Lauren is quiet. “It’s not that long coming. I mean, don’t make me sound like some kind of loser.”

“No, come on, all I meant was that it makes sense, I think, for you to be thinking about how this would look to your bosses. Versus your own wanting to date a guy who wears real shoes.”

“Okay.” Lauren is not convinced. Lauren sounds wounded. This is her way of punishing: monosyllables.

“I didn’t mean anything.” Sarah is quiet. “I shouldn’t have said it like that. If it’s real shoes you like in a man, we can find you real shoes. Let’s start looking. You’ll need a date for the wedding!” This last—a way to change the subject, to make herself the butt of the joke, to make herself seem the pathetic one.

“Yeah. Fine. So, okay, wedding dress. Let’s make a plan.”

They make a plan—next Wednesday, at Bergdorf’s—then they talk, more, almost an hour longer, and later, falling asleep, Sarah realizes she has no idea what it is the two of them talked about for so long.





Chapter 11


The water looks the way Lauren expects it to: unreal. Seen from above, unfolding all around them, the color of toothpaste. There’s an impossibility to it, but also that disappointment she’s thought, until this point, specific to the experience of encountering a famous, much-reproduced work of art in its original form. Come face-to-face with the Pietà and feel nothing profound. Gaze upon those Bacon triptychs and feel no more disturbed than any other day. So now, leaning forward in her seat to peer out of the window that is, for some reason, set a couple of inches in front of the seat rather than comfortably abutting it, she takes in the expanse of the sea and thinks the things you’re supposed to think (like jewels, like silk, so blue, etc.) but feels unmoved nonetheless. Not that she isn’t looking forward to getting into that water. She’s not insane.

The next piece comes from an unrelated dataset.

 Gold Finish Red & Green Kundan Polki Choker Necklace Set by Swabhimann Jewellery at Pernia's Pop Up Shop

It’s the day before Thanksgiving, and the airport is crowded, but so, too, more surprisingly, is the plane. She did not know about this, before; that a significant subset of our fellow Americans say f*ck all to grace and grub with their racist great-uncles, get onto planes, and fly off to resorts where the only concession to the holiday is a turkey and cranberry sandwich on the lunch menu. Lauren’s parents were unthrilled when she bailed on what’s one of the family’s last remaining rites.

“Oh, a bachelorette trip, that’s nice,” her mother said, meaning the same thing every mother says when she uses the word nice.

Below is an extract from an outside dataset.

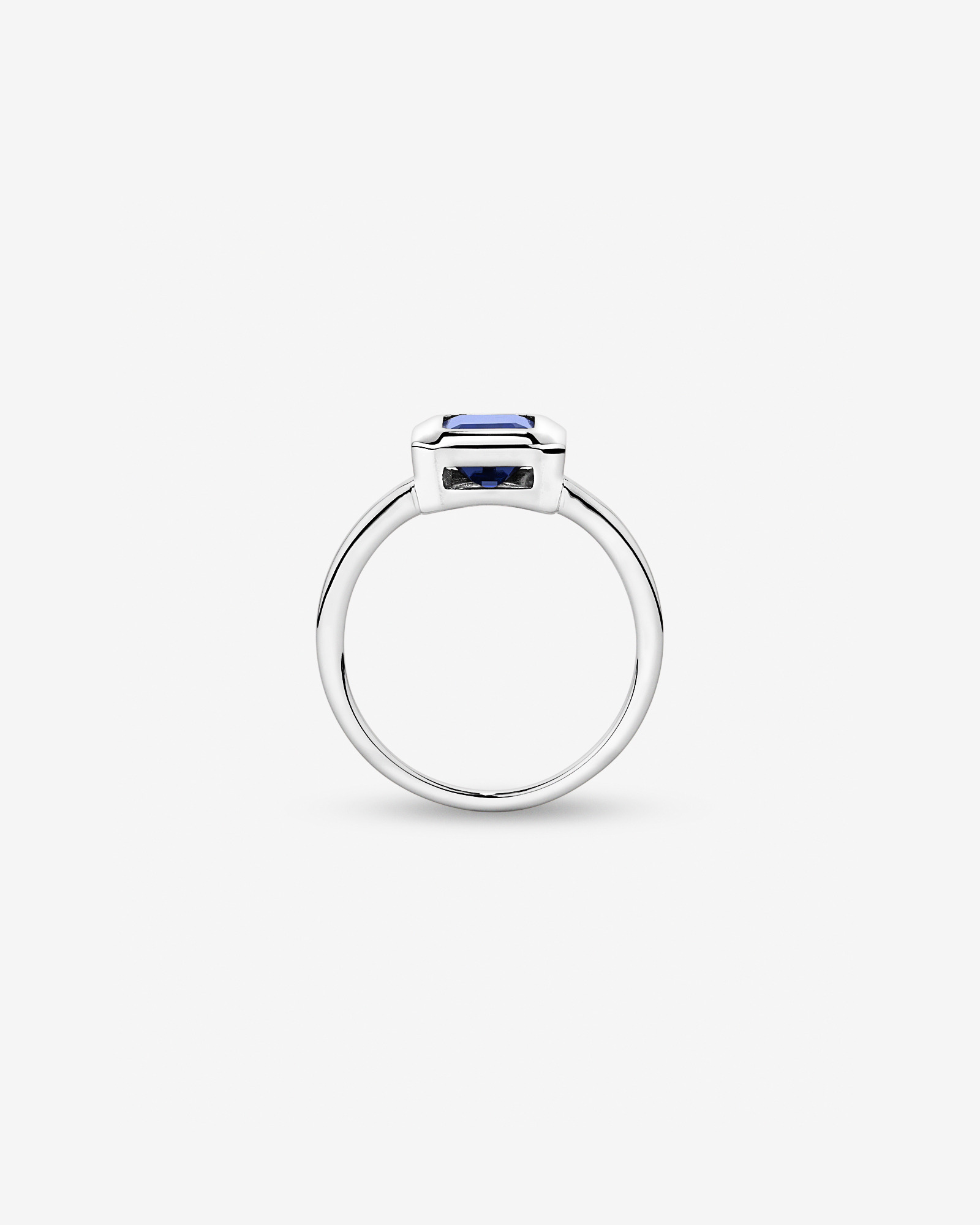 Emerald Cut Created Sapphire Bezel Ring 10kt White Gold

It’s the latest way she’s found to disappoint her mother: denying her the pleasure Lauren knows she derives from seeing all three of her children, arrayed around the table, just like old times. Lauren feels sorry for her mother, a terrible truth. She’d gone to college, married a sweetheart, and taken a job at the doctor’s office thinking of a future of three or four children, vaccinated and checked up, gratis, by the Doctors Khan. That had all come to pass. Why the pity, then, if everything had gone swimmingly? Because it wasn’t enough. Even with the scholarship, there was scrimping related to Lauren’s schooling. Her parents consider Macy’s a splurge.

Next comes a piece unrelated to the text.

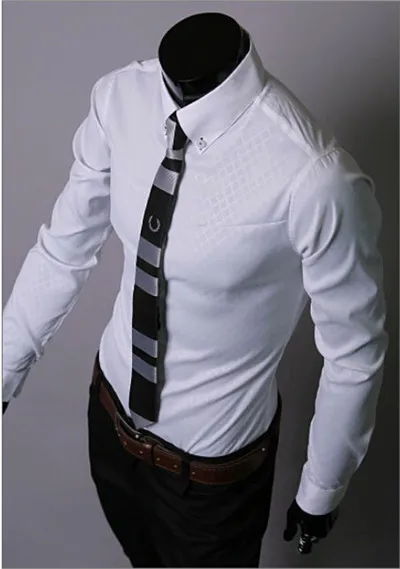 Горячая Распродажа, новинка, высокое качество, мужские дизайнерские рубашки в полоску, повседневные облегающие длинные рубашки, 14 цветов, размер M-5XL - Цвет: white 8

They had singled her out for this not because she was smart, though she was not dumb, but because she was theirs, and therefore special. Plus her mother had in her, deep somewhere, a feminist feeling about the thing. Lauren suspected that her mother harbored fantasies of being a doctor herself, and that filing insurance claims for the Doctors Khan was the closest she had come to it. Bella wanted more for Lauren. She still did, needled her about things like a title change, and flextime, and business cards, things she must have studied up on, having no personal experience with them. At least, then, there was some concession, some good news.